Thursday, August 2, 2012

Winners Wear Red?

Anyone who is familiar with psychology is aware that colour can have a profound psychological effect on humans.  While this information is not new, with the London 2012 Olympics in full swing some are questioning whether the colour of team uniforms will have an effect on overall performance.

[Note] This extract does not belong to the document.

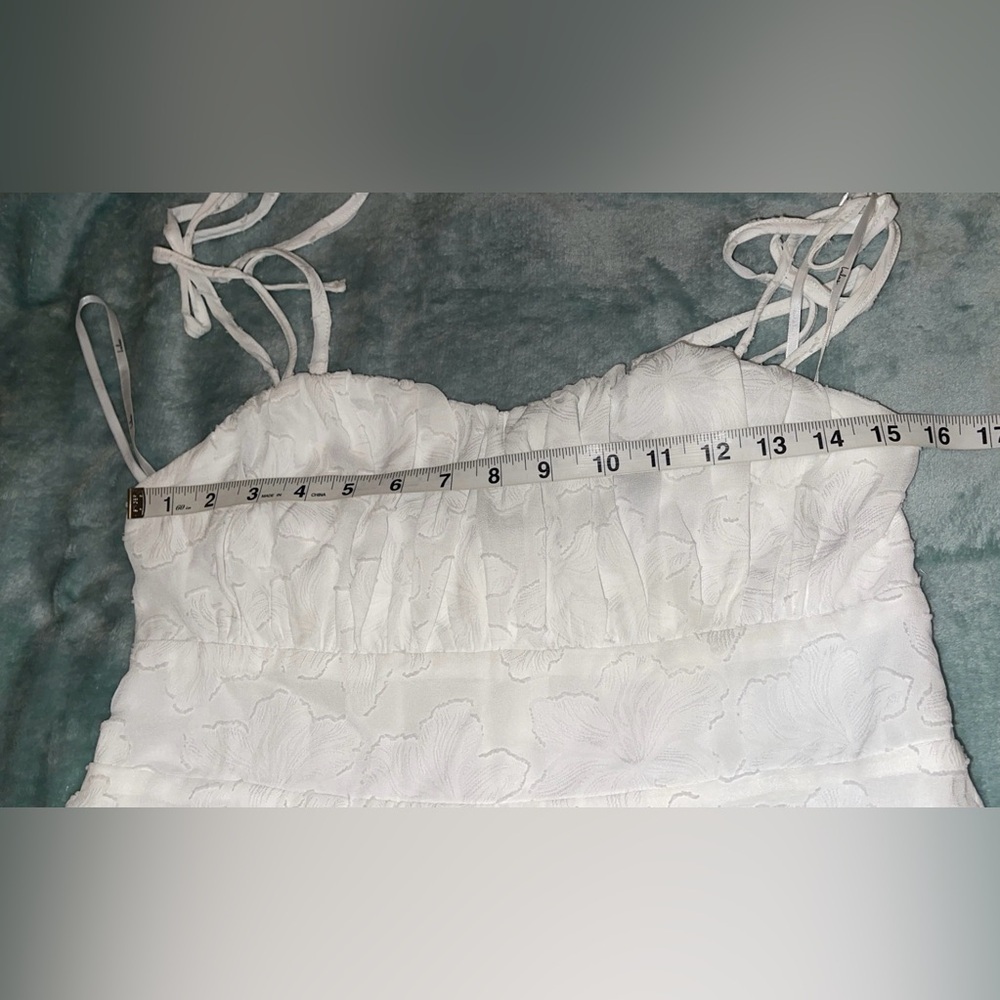 Lulus Sweet Sentiments White Jacquard Tiered Midi Dress Women’s Large NWT - Picture 8 of 13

A recent study explored the idea that athletes who wear red may have an advantage over their rivals.  Exploring a cross section of sports from wrestling, boxing and Taekwondo, the study suggests that red may help you win.

Why red?
  • Exerts dominance and power
  • People who wear red have been noted as having a faster heart rate and elevated breathing
  • Could effect cognitive function - impairing opponents' decision making
  • Referees were found to slightly favour red competitors to those wearing blue
  • Red  is active, aggressive and outspoken which demands attention from observers
In any competitive sport there will be close calls, where it will not be easy to decide the victor and a referee or judge will have to make that decision to the best of their abilities.  It seems that because red has an association with victory, the judgement of the observer can, occasionally, be influenced by the colour of the clothes that competitor's wear. 
For now though, there is still not enough solid evidence to prove that red will make us winners.  What we can say, is that red is a powerful and proud colour and we’re happy to be cheering our Canadian athletes as they wear red and white in the London 2012 Olympics.

References from the SIRC Collection

1. Abrahams R. Seeing red. Cycling Weekly. October 13, 2011;:36-39.
2. Boxer S. Dark forces: are teams that are dressed in black really meaner and tougher than their more cheerfully clad brethren? A scientific study comes up with some somber findings. Sports Illustrated. April 17, 1989;70(17):52-54;56.
3. Frank M, Gilovich T. The dark side of self-perception and social-perception - black uniforms and aggression in professional sports. Journal Of Personality & Social Psychology. 1988;54(1):74-85.
4. LeMaire J, Short S, Ross-Stewart L, Short M. The effect of uniform color on athletes' readiness for competition and perceptions of opponents' attributes. Journal Of Sport & Exercise Psychology. July 2, 2007;29:S180-S181.
5. Robbins S. Sport red for a competitive edge. Shape. February 2006;25(6):37.
6. Seeing Red!. Journal Of Sport & Exercise Psychology. December 2008;30(6):779.